= Dataset extract =
+ + + +

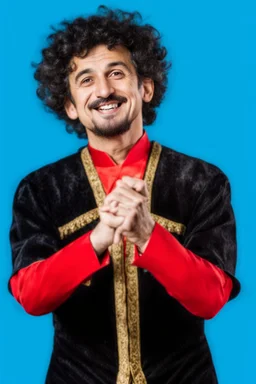 Einstein i n Azerbeyjan traditional costum color full ,upper body ,blury background ,closeup ,sharp focus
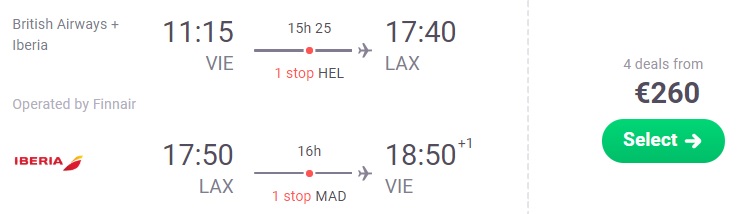 Cheap flights from Vienna to LOS ANGELES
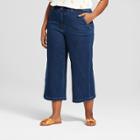 Women's Plus Size Wide Leg Denim Crop Pants - A New Day Indigo (blue)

+ + + +

= What you should do =
Repeat each line of the material exactly, please, and skip every picture.

= Answer to this problem =
 Einstein i n Azerbeyjan traditional costum color full ,upper body ,blury background ,closeup ,sharp focus
 Cheap flights from Vienna to LOS ANGELES
 Women's Plus Size Wide Leg Denim Crop Pants - A New Day Indigo (blue)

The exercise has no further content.